Twitter Sonnet #150
Lemons race on wet caffeine lubricant.
Zinc bees run afoul of taser stamen.
Fake gods can't fail a fevered supplicant.
Dizzy elves hurriedly talk X-Men.
Men trained with tigers easily beat cats.
Sushi endlessly rains on a paper.
Perception is boosted by many hats.
But it's never right to clothe a tapir.
Handwriting's straightened to sober ribbons.
It is hard to top fishnet silliness.
Ink's trapped in new digital white cabins.
Terrarium turtles hold giddiness.
Roads are paved with caterpillar stomachs.
Tread sympathy's in a Dalek annex.
Currently drinking from a cup of absinthe and a cup of coffee. It's not normally a time of day I'd have alcohol, but my thumb had started swelling a little bit after I'd picked up a caterpillar to-day. Come to think of it, those little hairs do look sort of treacherous;
I decided to soak the thumb in the strongest alcohol I had, which is absinthe, and then I couldn't let even that thimble full go to waste, so I put some water in and started drinking it. Even a tiny bit of absinthe sure goes a long way. I guess that's why this bottle has lasted me four years.
I saw about a million caterpillars to-day when I walked to the store, and even more squashed caterpillars on the path. All the exact same kind, too. I also took a picture of the river I walk across to get to the store;
And the daily duck invasion;
I walked to the store to-day because I didn't want to lose my parking space in front of the house. Yeah, it makes me feel like a crazy person, but I was really irritable yesterday for no apparent reason most of the time, and the littlest thing was setting me off. A family of realtors lives down the street and they just bought four more cars to add to their fleet parked all over the place on the street and they evidently decided my spot was going to be the permanent home for their new SUV. It occupied the spot when I got back from downtown Monday night. To-day, when I woke up and saw it was gone, I immediately went out and moved my car from where I'd parked it a block away.
I was going to march right over to their house yesterday and demand they move the SUV, but when I stepped outside, Snow ran up to me with an urgent look on his face like a little ambulance.
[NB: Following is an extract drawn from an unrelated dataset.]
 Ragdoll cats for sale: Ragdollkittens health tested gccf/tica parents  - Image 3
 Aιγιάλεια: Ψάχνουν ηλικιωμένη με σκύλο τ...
And I realised being some kind of roving Andy Rooney just wasn't in my nature and anyway I had better things to do with my time.
I got angry again last night when I lost a chess game due to the timer running out. I started making just random stupid moves when I realised I only had one second left. It was incredibly irritating because, before that, I was so definitely winning. Unfortunately, I don't know how to turn off the clock on the boards I've been using lately in Second Life (it's an Italian club called Caissa, in case anyone's wondering). The clocks are all set for fifteen minutes, which pretty much just means if you experience a lot of lag (as I did last night) or you need to take your time to figure out a move here or there, you can basically expect your chess game to turn into a dice game at the end. It's not just me--I actually beat someone a week ago when his clock ran out, and it didn't feel remotely like an honest win. As soon as the time was almost up, he started playing like shit. How am I supposed to enjoy that, unless I'm completely puerile?
Though this basically means I play chess under forty-five minutes a night, usually three games. It's a more fulfilling experience than three hours in World of Warcraft, that's for sure, not to mention a lot cheaper, as in fourteen dollars a month versus free.
I was wound up after I signed off last night, and reading Crime and Punishment probably wasn't the best idea, as it got me wound up too. I don't think there's another writer who's ever lived better than Dostoevsky at rendering the natural freight train of human thought.